Fuqua provides just that in “The Magnificent Seven” in the personage of bad guy entrepreneur Bartholomew Bogue (Peter Sarsgaard at his oiliest), who eerily evokes Donald Trump at times in his desire to possess everything around him in the mining town of Rose Creek.  His lust for power drives him to kill off most of the town’s strongest men who could oppose him, including Matthew Cullen (Matt Bomer in a blink-and-you’ll-miss-him performance, a shame), leaving the town comprised of mostly widows and children.  Easy pickings.

Not so fast.  Matthew’s widow Emma (Haley Bennett) realizes that the town needs help from the outside and contacts bounty hunter (although that’s not what he calls himself) Sam Chisholm (Denzel Washington), who asks her if she’s seeking revenge.  She replies that she’s seeking righteousness and then, pausing, says “…but I’ll I take revenge.”

And we’re off.

Chisholm knows that he needs some firepower and first comes across gambler Josh Faraday (Chris Pratt), who, after being asked to join Chisholm, wonders if the task at hand is difficult.  “It’s impossible,” replies Chisholm.  That’s good enough for Faraday.  He’s in.

Eventually Chisholm recruits sharpshooter Goodnight Robicheux (Ethan Hawke), burly tracker Jack Horne (Vincent D’Onofrio), knife expert Billy Rocks (Byung-hun Lee), Comanche Red Harvest  (Martin Sensmeier), and notorious outlaw Vasquez (Manuel Garcia-Rulfo, who’s charismatic as hell).

Washington, Pratt, Hawke and D’Onofrio are all known to us, but Lee, Sensmeier, and Garcia-Rulfo are newcomers, so it would have been extremely satisfying if we had a few more scenes when the Magnificent Seven actually bonded so that we can get to know them better.  We know their skills, but we don’t know them.

Washington is solid as always as the adult in the room.  Pratt does his wise-guy thing beautifully, although I wish he had better one-liners, which he could have knocked out of the park.  To me, though, the most interesting performances come from Hawke as a sharpshooter who has suddenly lost his nerve to pull the trigger, and D’Onofrio, whose normal speaking voice is in the lower registers, adopting a high-pitched voice for his tracker character, which surprisingly works.

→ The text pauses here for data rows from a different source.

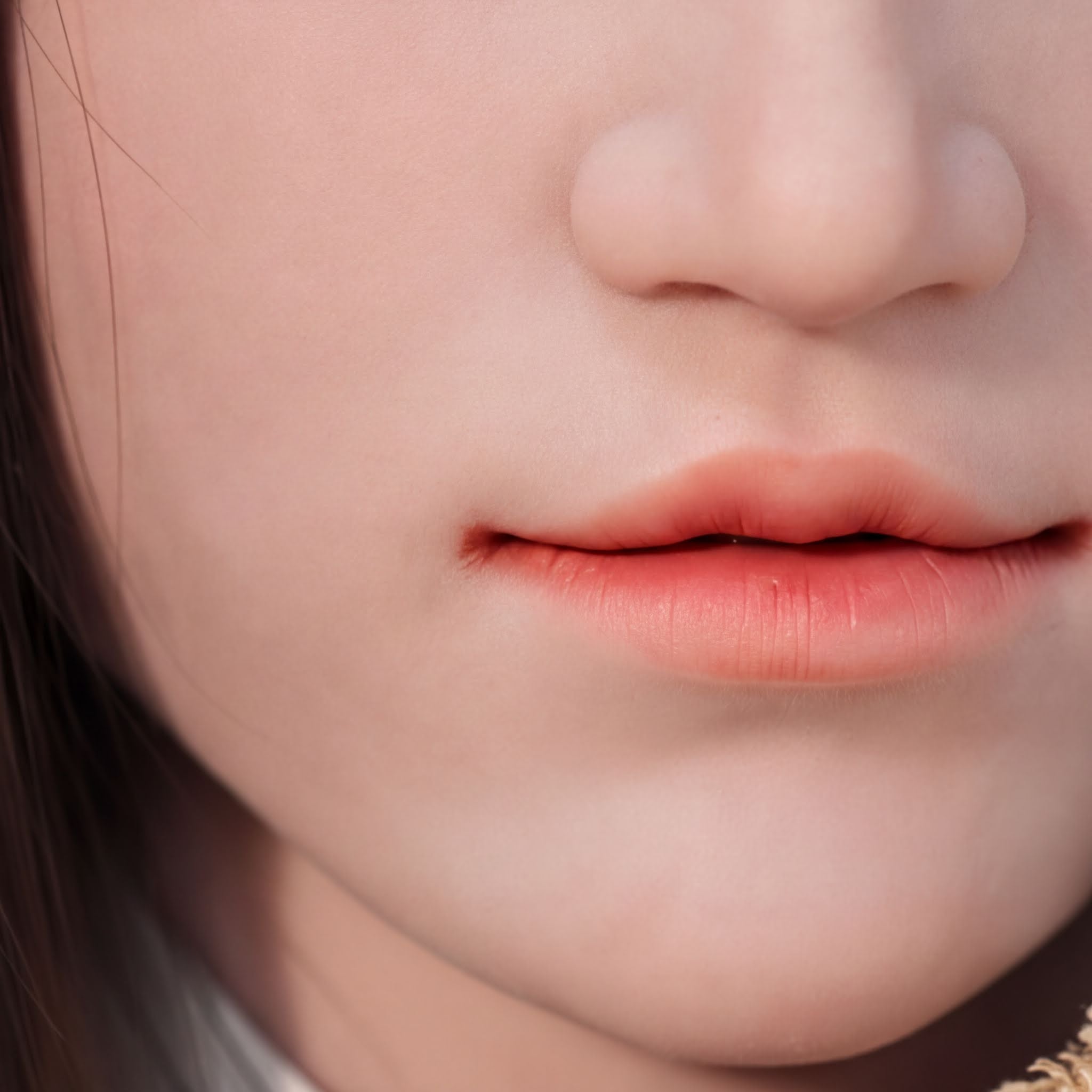 A close-up of a person's face, focusing on their lips and nose.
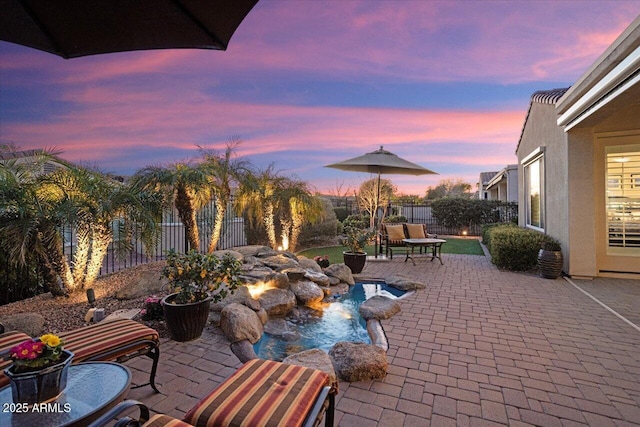 patio terrace at dusk featuring a fenced backyard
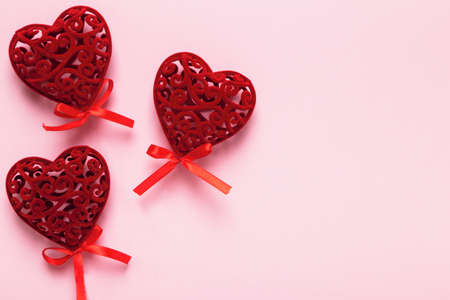 Three red valentine hearts on a pink background with copy space.の写真素材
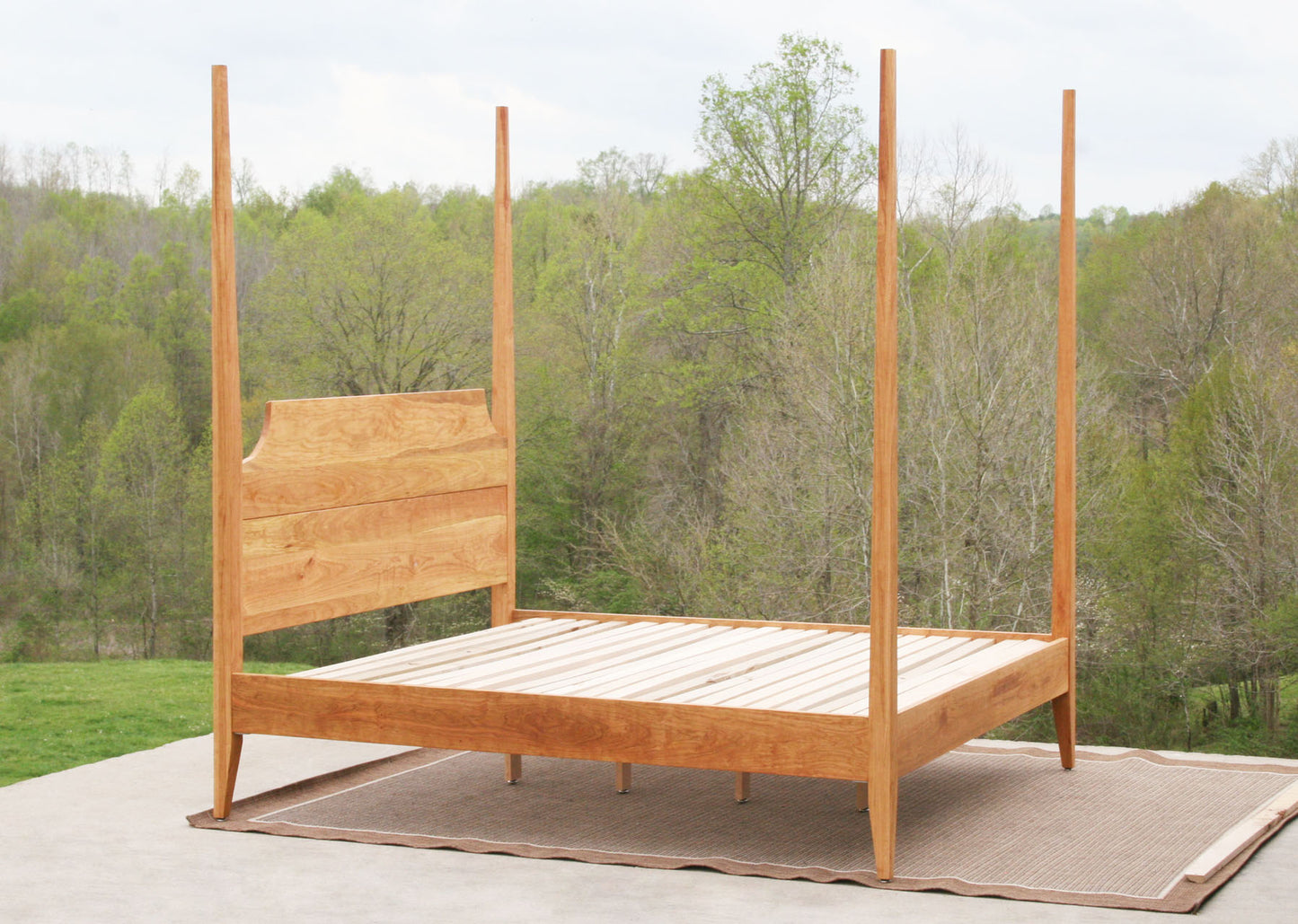 side view natural Four poster bed with tapered posts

A word about the music in the film.  Yes, Elmer Bernstein’s iconic theme from the 1960 “Magnificent Seven” is back, although you’ll have to wait until the end of the film to hear it.  (But do stay, because it’s thrilling to hear it on the big screen again.)  The remainder of the score is by composer James Horner (“Titanic”).  Composers usually wait until the film is shot to compose the score so that they can match music to image.  Horner, however, wrote the score entirely after reading the screenplay, and we’re grateful he did, because weeks after completing the score, he tragically died in a plane crash.  As it turns out, “The Magnificent Seven” is one of Horner’s most beautiful scores, a fitting finale.

The problem that I have with “The Magnificent Seven” is the structure of the screenplay, written by Nic Pizzolatto, who created HBO’s “True Detective” (1st season – great, 2nd season – meh) and Richard Wenk, which compresses all of the character material in Act 1, then throws it out the window for Act 2, as the last hour of the film is virtually nothing but shoot-outs.  Believe me, I bow to no man in my love of shoot-outs, but an hour?  What seems like hundreds of “dead” stuntmen lying in the street is not drama to me, but that’s what we’re left with when he leave the cineplex.

Don’t get me wrong.  “The Magnificent Seven” is a lot of horse-ridin’, cigar-smokin’ and bad-guy-shootin’ fun.  But given the enormous talents of the people involved, I just wish that Fuqua and the screenwriters allowed us a little insight to the Seven, so that when they’re put to the test, we would care more.  With that addition, “The Magnificent Seven” could have lived up to the “magnificent” in its title.